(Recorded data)
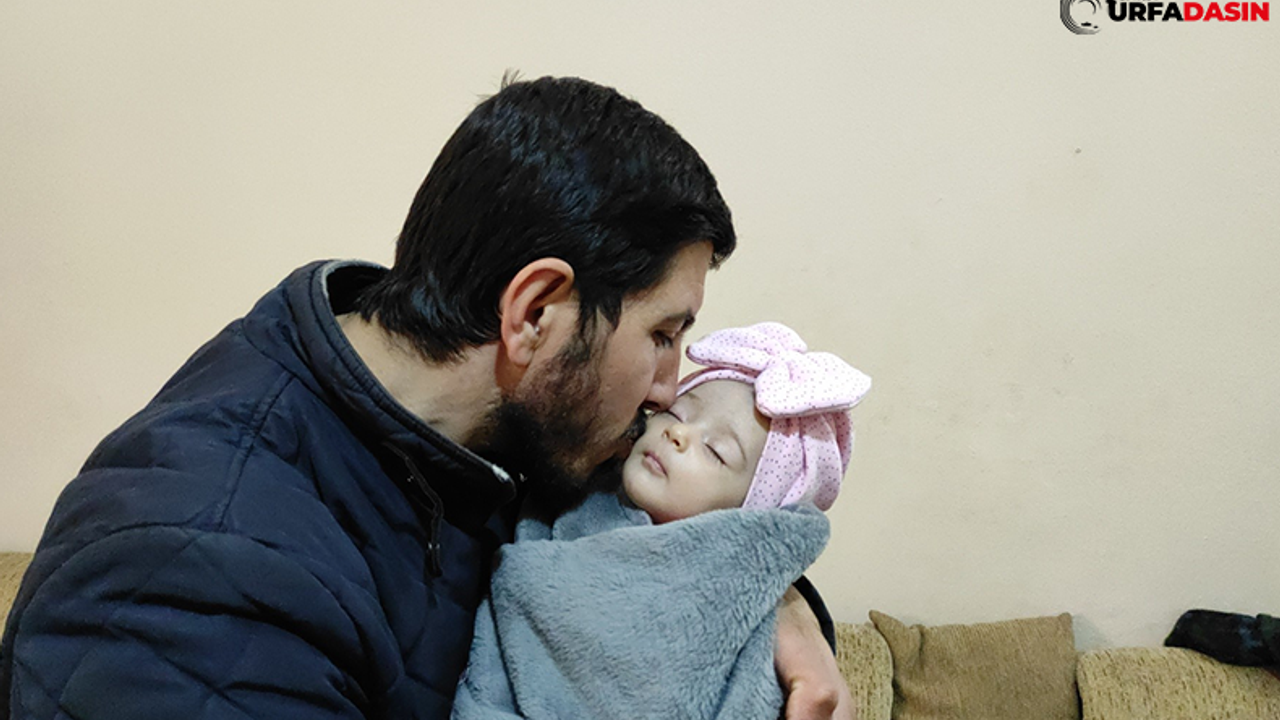 Enkazdan Kurtarılan Fatma Bebek, Şanlıurfa'daki Amcasına Teslim Edildi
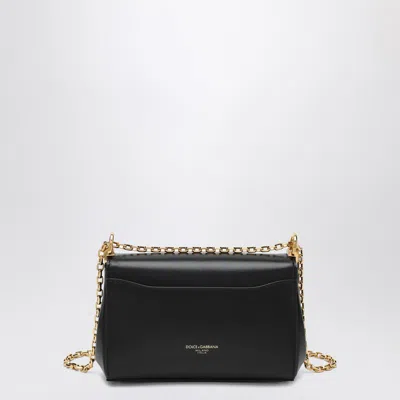 Dolce & Gabbana 'marlene' Black Shoulder Bag With Twist Lock In Black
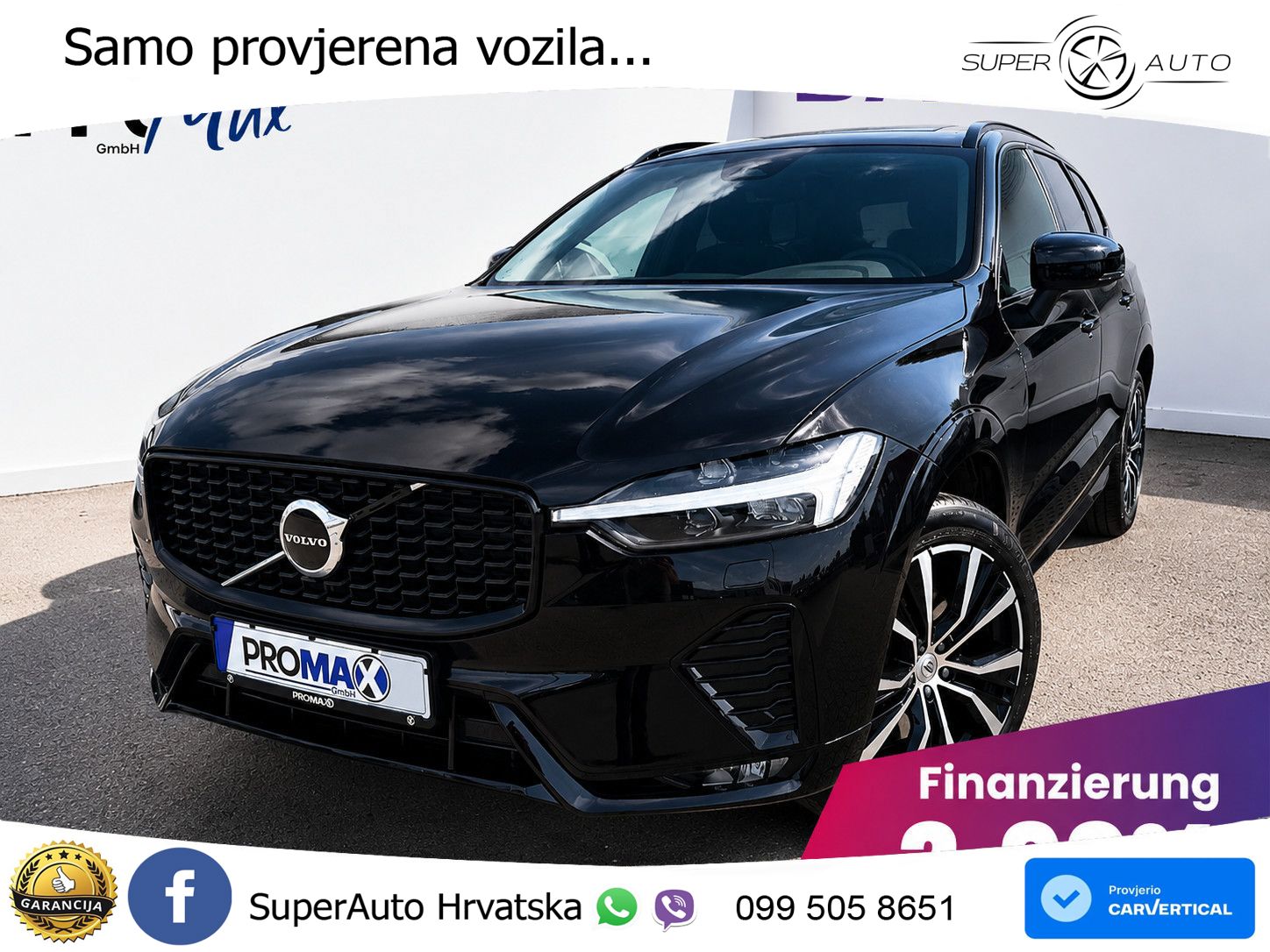 Volvo XC60 B4 Diesel FWD Geartronic LED+GR SJED+ACC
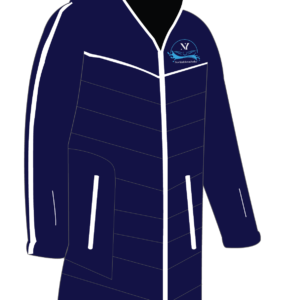 Navy Blue Swim Puffer Jacket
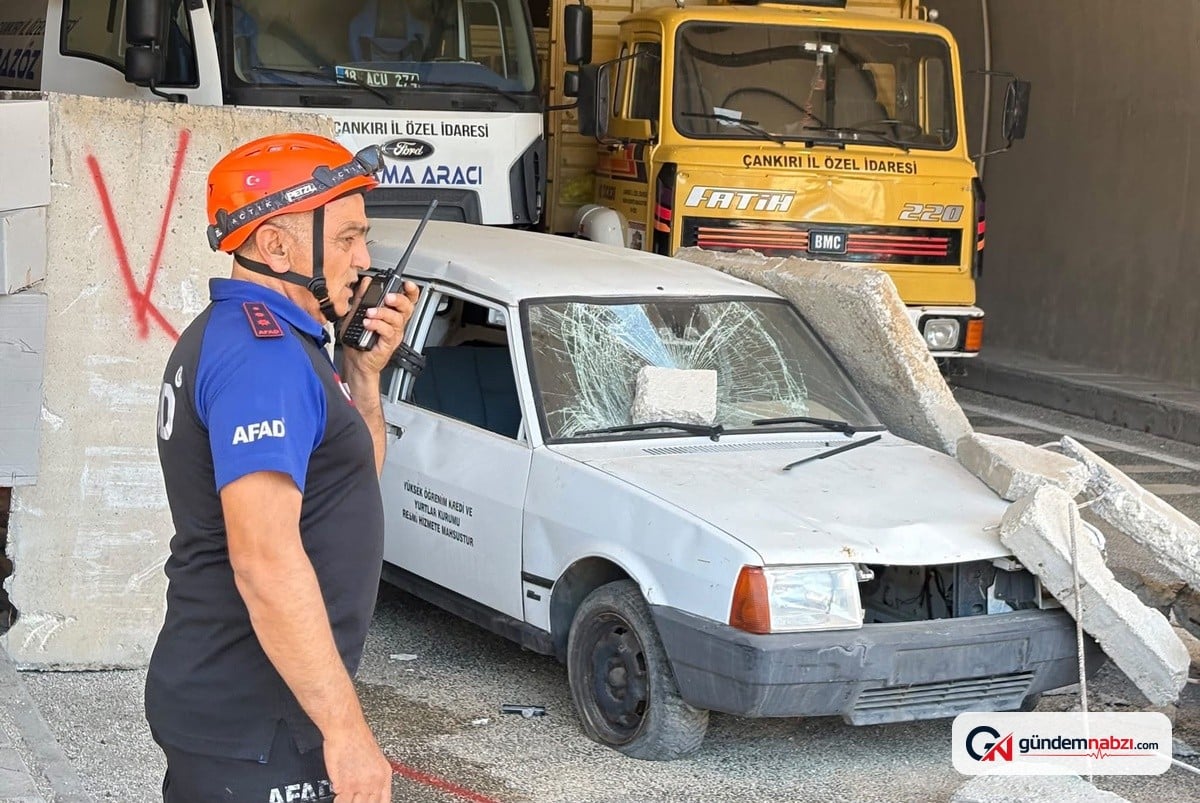 Çankırı'da Ilgaz 15 Temmuz İstiklal Tüneli'nde deprem tatbikatı yapıldı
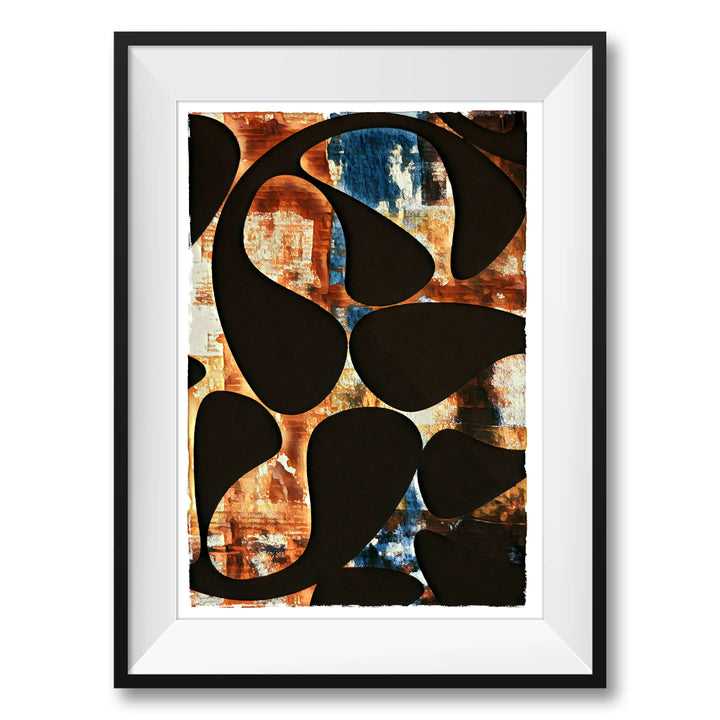 Boogie Wonderland V2, by Robert Santore ©2020. Framed, hand painted artist proof monoprint, watercolor and gouache on the finest archival hot press cotton rag paper with hand torn edges. Available as a limited edition giclée.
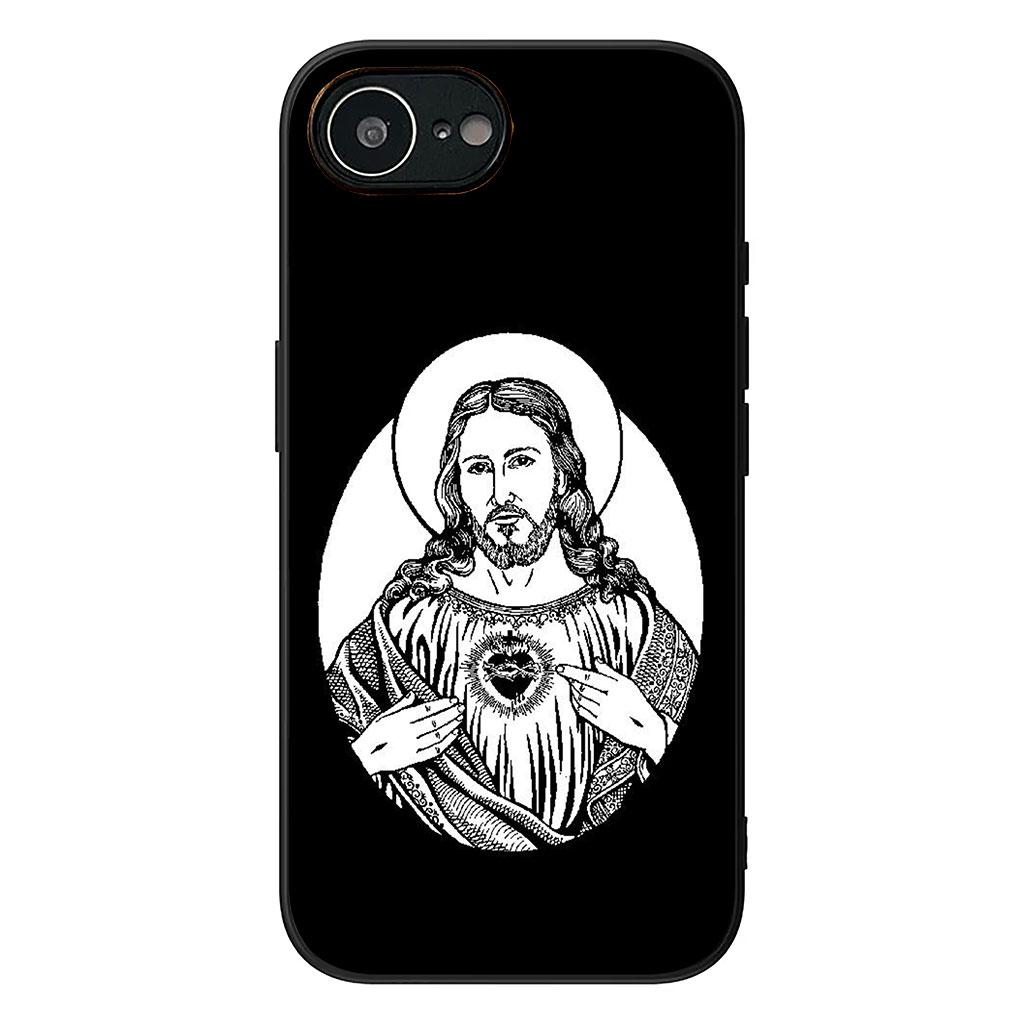 for Samsung Galaxy A25 A37 A57 A12 A14 A41 A50 A51 A70 A71 A72 A21S A04 M15 Note 20 9 8 10 Case Jesus Judah Virgen de Guadalupe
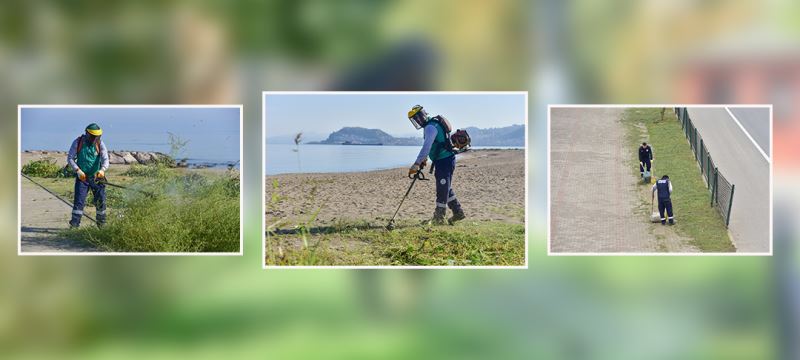 SAHİL GEÇİŞİ DAHA ESTETİK GÖRÜNTÜYE KAVUŞUYOR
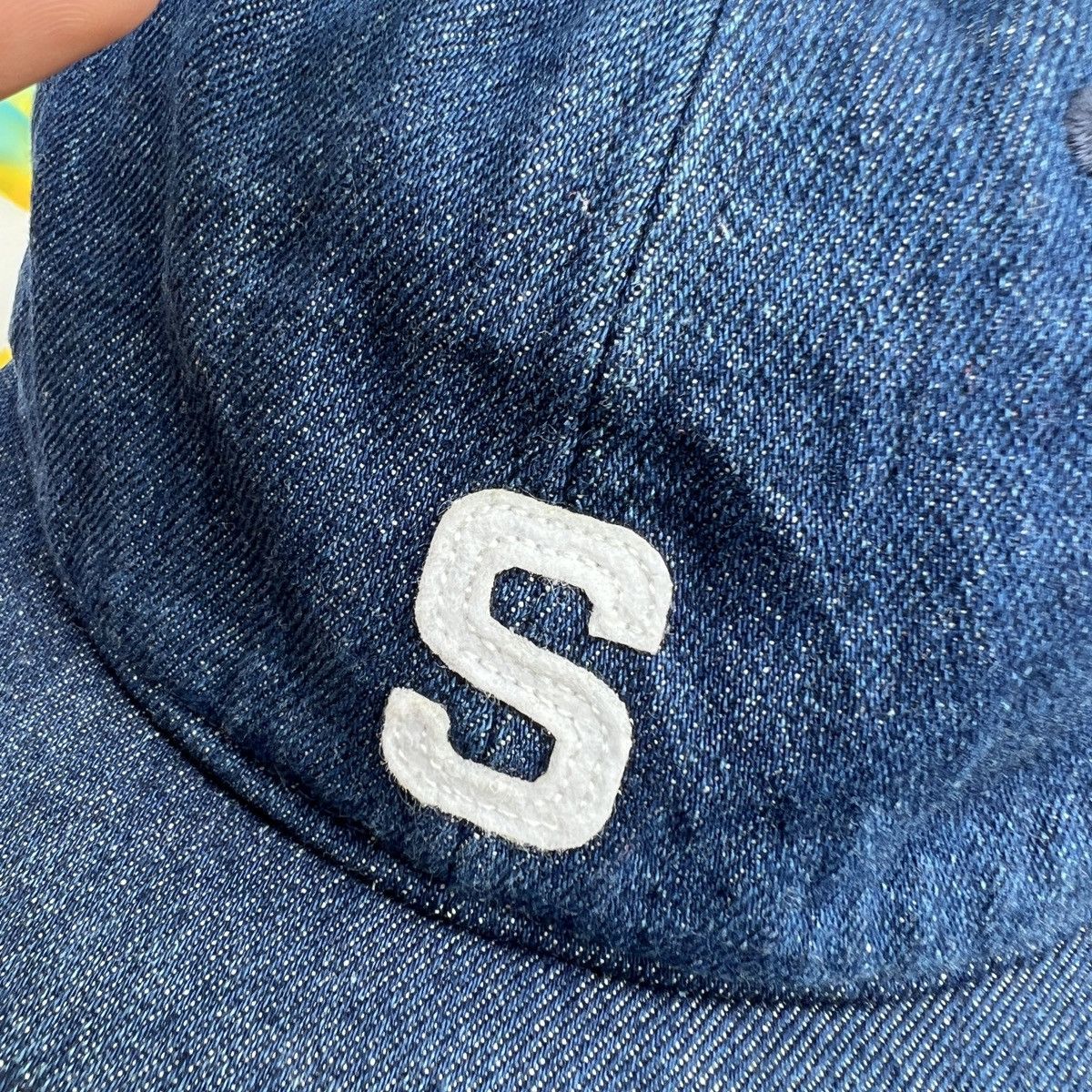 Beams Plus × Japanese Brand × Vintage VTG BEAMS S 6 PANEL DENIM SELVEDGE CAP Size ONE SIZE - 3 Thumbnail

§ **What to do**
The copy should match the records above exactly, except that pictures are dropped.

§ **Exercise solution**
 Enkazdan Kurtarılan Fatma Bebek, Şanlıurfa'daki Amcasına Teslim Edildi
 Dolce & Gabbana 'marlene' Black Shoulder Bag With Twist Lock In Black
 Volvo XC60 B4 Diesel FWD Geartronic LED+GR SJED+ACC
 Navy Blue Swim Puffer Jacket
 Çankırı'da Ilgaz 15 Temmuz İstiklal Tüneli'nde deprem tatbikatı yapıldı
 Boogie Wonderland V2, by Robert Santore ©2020. Framed, hand painted artist proof monoprint, watercolor and gouache on the finest archival hot press cotton rag paper with hand torn edges. Available as a limited edition giclée.
 for Samsung Galaxy A25 A37 A57 A12 A14 A41 A50 A51 A70 A71 A72 A21S A04 M15 Note 20 9 8 10 Case Jesus Judah Virgen de Guadalupe
 SAHİL GEÇİŞİ DAHA ESTETİK GÖRÜNTÜYE KAVUŞUYOR
 Beams Plus × Japanese Brand × Vintage VTG BEAMS S 6 PANEL DENIM SELVEDGE CAP Size ONE SIZE - 3 Thumbnail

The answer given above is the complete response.